Thinking in the long term is the crucial feature of this literature. Whether the singularity (or another catastrophic event) occurs in 30 or 300 or 3000 years does not really matter (Baum et al. 2019). Perhaps there is even an astronomical pattern such that an intelligent species is bound to discover AI at some point, and thus bring about its own demise. Such a “great filter” would contribute to the explanation of the “Fermi paradox” why there is no sign of life in the known universe despite the high probability of it emerging. It would be bad news if we found out that the “great filter” is ahead of us, rather than an obstacle that Earth has already passed. These issues are sometimes taken more narrowly to be about human extinction (Bostrom 2013), or more broadly as concerning any large risk for the species (Rees 2018)—of which AI is only one (Häggström 2016; Ord 2020). Bostrom also uses the category of “global catastrophic risk” for risks that are sufficiently high up the two dimensions of “scope” and “severity” (Bostrom and Ćirković 2011; Bostrom 2013).

These discussions of risk are usually not connected to the general problem of ethics under risk (e.g., Hansson 2013, 2018). The long-term view has its own methodological challenges but has produced a wide discussion: (Tegmark 2017) focuses on AI and human life “3.0” after singularity while Russell, Dewey, and Tegmark (2015) and Bostrom, Dafoe, and Flynn (forthcoming) survey longer-term policy issues in ethical AI. Several collections of papers have investigated the risks of artificial general intelligence (AGI) and the factors that might make this development more or less risk-laden (Müller 2016b; Callaghan et al. 2017; Yampolskiy 2018), including the development of non-agent AI (Drexler 2019).

2.10.3 Controlling Superintelligence?

In a narrow sense, the “control problem” is how we humans can remain in control of an AI system once it is superintelligent (Bostrom 2014: 127ff). In a wider sense, it is the problem of how we can make sure an AI system will turn out to be positive according to human perception (Russell 2019); this is sometimes called “value alignment”. How easy or hard it is to control a superintelligence depends significantly on the speed of “take-off” to a superintelligent system. This has led to particular attention to systems with self-improvement, such as AlphaZero (Silver et al. 2018).

One aspect of this problem is that we might decide a certain feature is desirable, but then find out that it has unforeseen consequences that are so negative that we would not desire that feature after all. This is the ancient problem of King Midas who wished that all he touched would turn into gold. This problem has been discussed on the occasion of various examples, such as the “paperclip maximiser” (Bostrom 2003b), or the program to optimise chess performance (Omohundro 2014).

Discussions about superintelligence include speculation about omniscient beings, the radical changes on a “latter day”, and the promise of immortality through transcendence of our current bodily form—so sometimes they have clear religious undertones (Capurro 1993; Geraci 2008, 2010; O’Connell 2017: 160ff).
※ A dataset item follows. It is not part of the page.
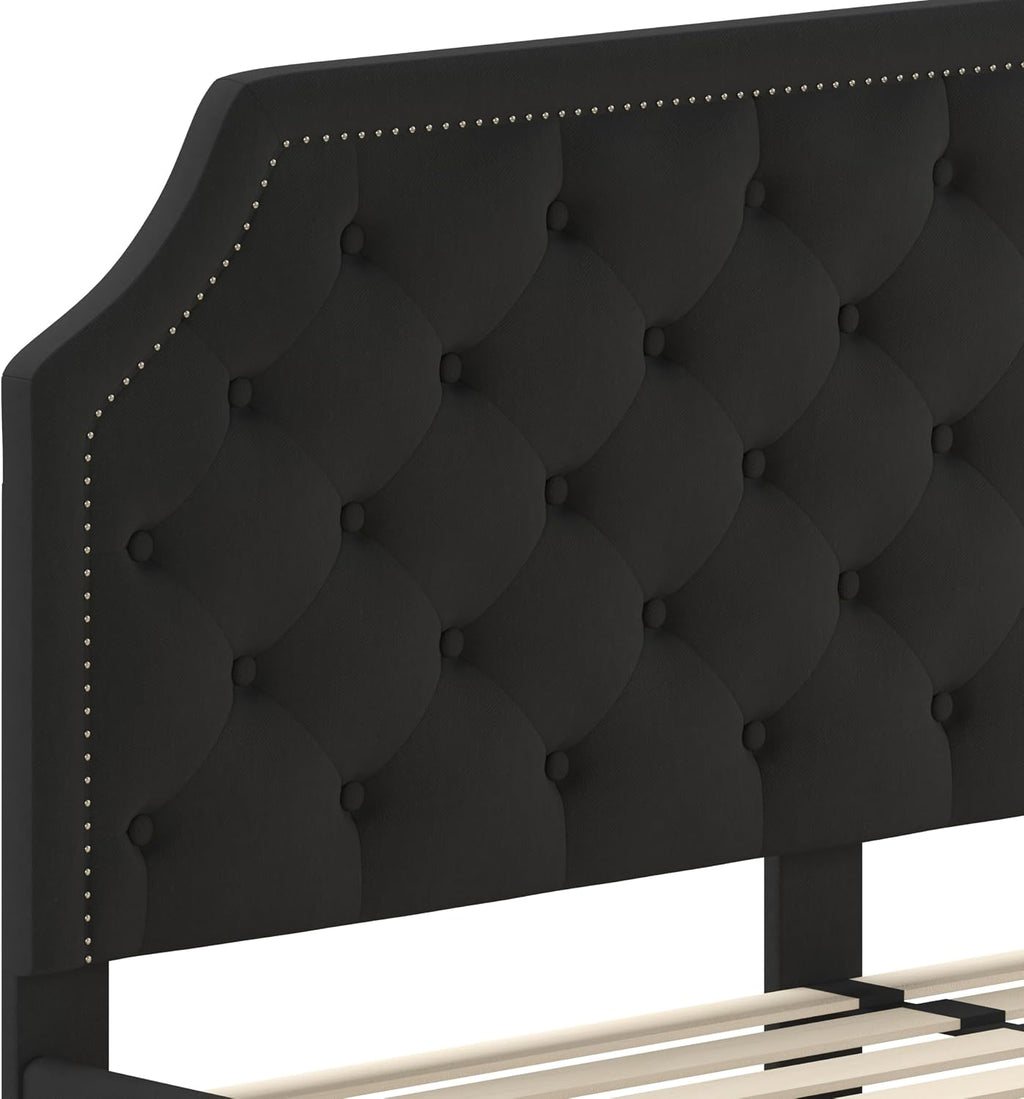 Flash Furniture Brighton King Size Tufted Upholstered Platform Bed in Black Fabric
These issues also pose a well-known problem of epistemology: Can we know the ways of the omniscient (Danaher 2015)? The usual opponents have already shown up: A characteristic response of an atheist is

People worry that computers will get too smart and take over the world, but the real problem is that they’re too stupid and they’ve already taken over the world (Domingos 2015)

The new nihilists explain that a “techno-hypnosis” through information technologies has now become our main method of distraction from the loss of meaning (Gertz 2018). Both opponents would thus say we need an ethics for the “small” problems that occur with actual AI and robotics (sections 2.1 through 2.9 above), and that there is less need for the “big ethics” of existential risk from AI (section 2.10).